Hydrolat różany Biały Koteł stosowałam jako tonik zarówno podczas porannej, jak i wieczornej pielęgnacji. Po demakijażu i dokładnym oczyszczeniu cery spryskiwałam twarz obficie tą wodą kwiatową i przechodziłam do aplikacji kremu. Kosmetyk sprawdza się świetnie, przywraca odpowiednie pH, działa łagodząco na wszelkiego rodzaju podrażnienia i niweluje zaczerwienienia. Cera jest odświeżona i delikatnie nawilżona. Hydrolat sprawdza się również do spryskiwania maseczki glinkowej, wzmacnia jej działanie i zapobiega wysychaniu. Myślę, że jest to produkt, który u większości osób, niezależnie od rodzaju cery, sprawdzi się dobrze.

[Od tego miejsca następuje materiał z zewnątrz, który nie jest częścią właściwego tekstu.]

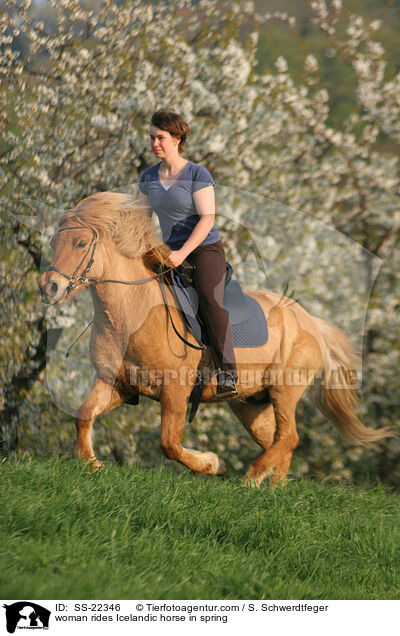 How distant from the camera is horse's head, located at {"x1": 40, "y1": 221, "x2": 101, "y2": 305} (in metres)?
3.64

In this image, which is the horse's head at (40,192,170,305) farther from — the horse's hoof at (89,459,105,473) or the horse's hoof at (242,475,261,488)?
the horse's hoof at (242,475,261,488)

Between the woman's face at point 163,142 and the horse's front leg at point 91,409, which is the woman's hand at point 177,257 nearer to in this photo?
the woman's face at point 163,142

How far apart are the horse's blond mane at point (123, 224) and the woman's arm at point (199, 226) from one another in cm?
10

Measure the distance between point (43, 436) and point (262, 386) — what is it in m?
3.00

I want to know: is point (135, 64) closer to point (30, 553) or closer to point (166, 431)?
point (166, 431)

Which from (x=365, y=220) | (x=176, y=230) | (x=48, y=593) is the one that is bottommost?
(x=48, y=593)

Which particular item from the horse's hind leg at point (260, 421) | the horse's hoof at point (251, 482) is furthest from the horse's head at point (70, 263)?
the horse's hind leg at point (260, 421)

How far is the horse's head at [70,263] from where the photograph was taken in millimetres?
3637

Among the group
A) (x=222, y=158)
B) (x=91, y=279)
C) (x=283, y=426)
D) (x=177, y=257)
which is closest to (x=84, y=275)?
(x=91, y=279)

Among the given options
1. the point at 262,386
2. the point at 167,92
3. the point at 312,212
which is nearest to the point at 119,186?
the point at 167,92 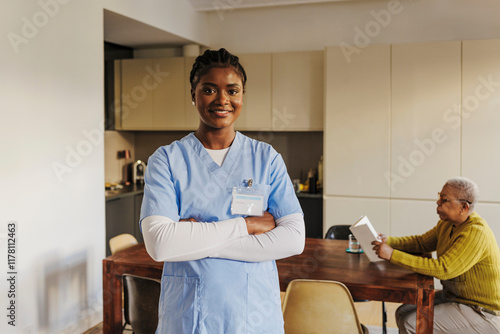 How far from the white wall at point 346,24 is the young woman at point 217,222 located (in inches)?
151

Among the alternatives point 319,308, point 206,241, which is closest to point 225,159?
point 206,241

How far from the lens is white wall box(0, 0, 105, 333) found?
9.67ft

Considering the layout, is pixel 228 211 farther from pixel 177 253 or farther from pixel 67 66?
pixel 67 66

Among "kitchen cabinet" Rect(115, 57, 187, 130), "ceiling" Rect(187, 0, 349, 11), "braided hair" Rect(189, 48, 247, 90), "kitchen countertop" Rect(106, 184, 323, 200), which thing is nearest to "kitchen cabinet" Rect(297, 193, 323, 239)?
"kitchen countertop" Rect(106, 184, 323, 200)

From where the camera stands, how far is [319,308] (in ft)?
7.19

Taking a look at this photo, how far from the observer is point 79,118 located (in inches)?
138

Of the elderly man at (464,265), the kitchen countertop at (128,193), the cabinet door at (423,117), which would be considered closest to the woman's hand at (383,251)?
the elderly man at (464,265)

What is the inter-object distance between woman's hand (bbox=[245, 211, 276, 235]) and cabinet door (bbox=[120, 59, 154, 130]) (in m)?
4.06

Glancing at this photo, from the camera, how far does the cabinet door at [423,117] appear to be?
13.9ft

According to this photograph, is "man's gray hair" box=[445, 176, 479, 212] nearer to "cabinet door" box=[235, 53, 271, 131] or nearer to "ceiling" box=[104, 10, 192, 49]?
"cabinet door" box=[235, 53, 271, 131]

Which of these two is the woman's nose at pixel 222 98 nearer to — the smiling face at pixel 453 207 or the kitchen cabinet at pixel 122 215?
the smiling face at pixel 453 207

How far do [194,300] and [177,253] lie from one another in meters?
0.15

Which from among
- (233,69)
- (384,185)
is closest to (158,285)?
(233,69)

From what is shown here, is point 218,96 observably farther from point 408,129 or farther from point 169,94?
point 169,94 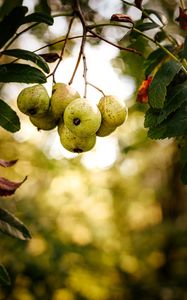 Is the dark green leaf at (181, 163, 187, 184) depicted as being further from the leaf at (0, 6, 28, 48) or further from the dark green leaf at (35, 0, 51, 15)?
the dark green leaf at (35, 0, 51, 15)

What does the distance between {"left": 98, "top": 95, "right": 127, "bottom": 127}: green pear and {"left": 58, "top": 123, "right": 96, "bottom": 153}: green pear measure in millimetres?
67

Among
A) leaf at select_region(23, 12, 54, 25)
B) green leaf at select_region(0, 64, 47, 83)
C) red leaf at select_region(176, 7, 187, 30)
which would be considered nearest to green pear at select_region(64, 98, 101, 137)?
green leaf at select_region(0, 64, 47, 83)

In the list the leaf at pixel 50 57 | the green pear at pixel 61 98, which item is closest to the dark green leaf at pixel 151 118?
the green pear at pixel 61 98

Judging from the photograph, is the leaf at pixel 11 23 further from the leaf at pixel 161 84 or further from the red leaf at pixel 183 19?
the red leaf at pixel 183 19

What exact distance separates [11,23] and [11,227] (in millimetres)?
611

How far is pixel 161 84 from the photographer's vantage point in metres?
1.20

Jeśli chodzi o wydajność, to produkt wystarczył mi na niespełna 3 tygodnie codziennego stosowania rano i wieczorem, ale nie żałowałam go sobie, więc uważam, że to i tak dobry wynik. Hydrolat kosztuje około 25 zł i jest dostępny w sklepach internetowych.
***
Czy wiecie, że betonowe posadzki przemysłowe wymagają stałej obserwacji? Nie można dopuścić, aby pojawiły się jakieś nierówności, ubytki czy pęknięcia, ponieważ może to osłabić wytrzymałość nawierzchni i doprowadzić do nieszczęścia. Jeśli zauważymy, że coś się dzieje, warto zwrócić się do eksperta w dziedzinie renowacji posadzek, który zaproponuje odpowiednie rozwiązanie. Fachowcy VAWNIK pomogą nam niezależnie od problemu, bo dzięki swojemu doświadczeniu na swojej pracy znają się jak mało kto.
Preferuję toniki, ale hydrolat też się czasem przydaje :D
OdpowiedzUsuńPierwszy raz spotykam się z tą marką. Chyba się skuszę za taką cenę.

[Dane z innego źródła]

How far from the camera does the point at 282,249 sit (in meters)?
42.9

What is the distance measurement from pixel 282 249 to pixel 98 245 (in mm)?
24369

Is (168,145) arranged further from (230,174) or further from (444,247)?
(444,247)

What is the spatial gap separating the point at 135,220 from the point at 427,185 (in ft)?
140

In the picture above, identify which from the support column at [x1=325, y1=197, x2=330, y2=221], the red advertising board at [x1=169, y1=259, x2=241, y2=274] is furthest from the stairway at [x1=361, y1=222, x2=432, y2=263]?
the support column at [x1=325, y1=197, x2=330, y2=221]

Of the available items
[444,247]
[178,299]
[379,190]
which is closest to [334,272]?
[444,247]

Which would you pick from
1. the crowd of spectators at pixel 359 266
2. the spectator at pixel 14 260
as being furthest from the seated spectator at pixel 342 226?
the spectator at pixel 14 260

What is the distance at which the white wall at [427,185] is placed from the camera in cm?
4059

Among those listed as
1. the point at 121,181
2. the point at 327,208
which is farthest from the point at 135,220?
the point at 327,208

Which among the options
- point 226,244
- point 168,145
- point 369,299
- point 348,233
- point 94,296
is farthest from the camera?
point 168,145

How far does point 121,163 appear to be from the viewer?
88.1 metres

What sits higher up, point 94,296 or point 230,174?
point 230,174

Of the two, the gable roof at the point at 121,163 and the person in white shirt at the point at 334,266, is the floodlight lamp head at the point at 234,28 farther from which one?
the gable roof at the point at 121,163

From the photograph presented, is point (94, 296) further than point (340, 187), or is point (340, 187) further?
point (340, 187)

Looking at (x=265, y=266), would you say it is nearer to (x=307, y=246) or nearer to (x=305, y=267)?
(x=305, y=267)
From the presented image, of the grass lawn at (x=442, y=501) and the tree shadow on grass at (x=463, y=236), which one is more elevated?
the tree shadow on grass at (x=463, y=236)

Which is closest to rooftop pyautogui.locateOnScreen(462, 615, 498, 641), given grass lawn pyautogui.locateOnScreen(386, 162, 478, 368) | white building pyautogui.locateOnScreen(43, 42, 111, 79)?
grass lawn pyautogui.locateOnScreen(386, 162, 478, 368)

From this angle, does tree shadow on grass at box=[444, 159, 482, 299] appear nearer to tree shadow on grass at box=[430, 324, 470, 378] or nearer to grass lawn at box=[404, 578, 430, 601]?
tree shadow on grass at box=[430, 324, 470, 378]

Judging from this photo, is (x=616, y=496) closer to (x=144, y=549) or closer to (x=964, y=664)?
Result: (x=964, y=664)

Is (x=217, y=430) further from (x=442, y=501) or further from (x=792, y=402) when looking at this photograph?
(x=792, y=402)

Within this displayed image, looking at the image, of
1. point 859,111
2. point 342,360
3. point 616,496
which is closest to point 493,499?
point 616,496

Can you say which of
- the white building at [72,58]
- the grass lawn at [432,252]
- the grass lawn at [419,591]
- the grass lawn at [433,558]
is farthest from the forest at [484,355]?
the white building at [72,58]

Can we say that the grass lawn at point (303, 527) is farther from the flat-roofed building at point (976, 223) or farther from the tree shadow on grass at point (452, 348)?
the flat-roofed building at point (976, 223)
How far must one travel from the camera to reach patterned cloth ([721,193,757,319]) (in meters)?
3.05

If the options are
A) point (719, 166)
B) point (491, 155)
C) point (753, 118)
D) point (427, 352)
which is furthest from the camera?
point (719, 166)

OdpowiedzUsuńNie miałam jeszcze takiego hydrolatu. Ciekawy produkt.
OdpowiedzUsuńNie używałam jeszcze hydrolatu. Będę musiała w końcu wypróbować
OdpowiedzUsuńUwielbiam zapach róży ^^
OdpowiedzUsuńNie słyszałam o nim jeszcze. Będę go szukać :)
OdpowiedzUsuńLubię hydrolaty :)
OdpowiedzUsuńuwielbiam hydrolaty i czyste kosmetyki. Jednak z tej firmy jeszcze nic nie miałam ;) ale zapisuję, bo warto się z nimi poznać ;)

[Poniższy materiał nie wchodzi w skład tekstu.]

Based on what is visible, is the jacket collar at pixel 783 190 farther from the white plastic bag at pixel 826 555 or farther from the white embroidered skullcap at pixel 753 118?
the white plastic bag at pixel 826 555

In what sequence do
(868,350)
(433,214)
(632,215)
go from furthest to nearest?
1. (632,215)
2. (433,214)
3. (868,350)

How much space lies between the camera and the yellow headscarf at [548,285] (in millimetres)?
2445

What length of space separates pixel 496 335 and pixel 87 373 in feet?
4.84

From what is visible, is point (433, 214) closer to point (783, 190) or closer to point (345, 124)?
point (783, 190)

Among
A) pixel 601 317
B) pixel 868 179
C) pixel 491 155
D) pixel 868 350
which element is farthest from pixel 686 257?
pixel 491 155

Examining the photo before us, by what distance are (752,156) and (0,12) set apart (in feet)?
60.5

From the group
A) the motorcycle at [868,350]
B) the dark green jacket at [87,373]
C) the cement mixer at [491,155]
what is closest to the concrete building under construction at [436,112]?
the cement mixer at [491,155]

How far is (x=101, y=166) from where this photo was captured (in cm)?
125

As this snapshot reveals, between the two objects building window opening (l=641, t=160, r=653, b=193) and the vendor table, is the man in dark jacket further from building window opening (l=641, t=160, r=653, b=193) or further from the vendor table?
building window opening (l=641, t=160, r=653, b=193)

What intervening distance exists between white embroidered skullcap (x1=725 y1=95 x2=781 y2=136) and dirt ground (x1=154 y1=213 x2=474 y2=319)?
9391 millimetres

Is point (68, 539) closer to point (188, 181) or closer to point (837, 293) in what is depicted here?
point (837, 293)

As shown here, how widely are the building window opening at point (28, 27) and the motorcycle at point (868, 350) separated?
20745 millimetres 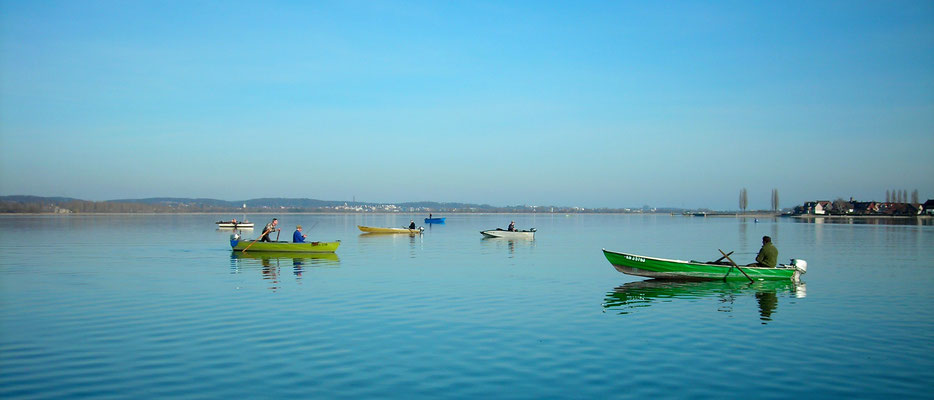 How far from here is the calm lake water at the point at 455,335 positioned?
40.2 ft

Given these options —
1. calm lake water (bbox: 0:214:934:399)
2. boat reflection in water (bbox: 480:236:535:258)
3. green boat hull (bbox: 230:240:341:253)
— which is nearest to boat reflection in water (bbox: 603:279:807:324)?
calm lake water (bbox: 0:214:934:399)

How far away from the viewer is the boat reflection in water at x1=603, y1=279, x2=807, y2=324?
22031 millimetres

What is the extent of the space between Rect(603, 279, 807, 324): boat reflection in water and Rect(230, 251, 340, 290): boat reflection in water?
13206 millimetres

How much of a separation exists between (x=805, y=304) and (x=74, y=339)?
2143 cm

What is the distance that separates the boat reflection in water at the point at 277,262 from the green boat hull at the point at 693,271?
1412 cm

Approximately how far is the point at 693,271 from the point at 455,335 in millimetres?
14740

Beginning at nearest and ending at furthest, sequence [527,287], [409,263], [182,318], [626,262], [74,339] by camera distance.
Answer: [74,339] → [182,318] → [527,287] → [626,262] → [409,263]

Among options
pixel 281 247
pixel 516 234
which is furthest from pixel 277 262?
pixel 516 234

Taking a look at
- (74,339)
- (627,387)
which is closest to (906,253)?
(627,387)

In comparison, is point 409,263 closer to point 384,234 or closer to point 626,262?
point 626,262

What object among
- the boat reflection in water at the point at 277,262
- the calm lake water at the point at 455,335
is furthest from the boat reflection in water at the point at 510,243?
the calm lake water at the point at 455,335

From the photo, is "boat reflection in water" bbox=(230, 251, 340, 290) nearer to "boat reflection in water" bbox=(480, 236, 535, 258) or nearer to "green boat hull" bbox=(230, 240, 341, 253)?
"green boat hull" bbox=(230, 240, 341, 253)

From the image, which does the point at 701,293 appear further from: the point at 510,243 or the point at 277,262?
the point at 510,243

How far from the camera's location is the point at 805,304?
22.7 m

OdpowiedzUsuńMa bardzo fajny skład, a ostatnio zwracam na to szczególną uwagę!
OdpowiedzUsuńSkład na pewno na ogromny plus!
OdpowiedzUsuńNie miałam okazji go używać, ale lubię takie produkty :)
OdpowiedzUsuńLubię hydrolaty, a właśnie różany jest moim ulubionym. Tej marki jeszcze nie miałam.
OdpowiedzUsuńTa nazwa jest świetna 😁
OdpowiedzUsuńLubię produkty różane, więc też hydrolat chętnie wypróbuję. Do tej pory używałam tylko aloesowy.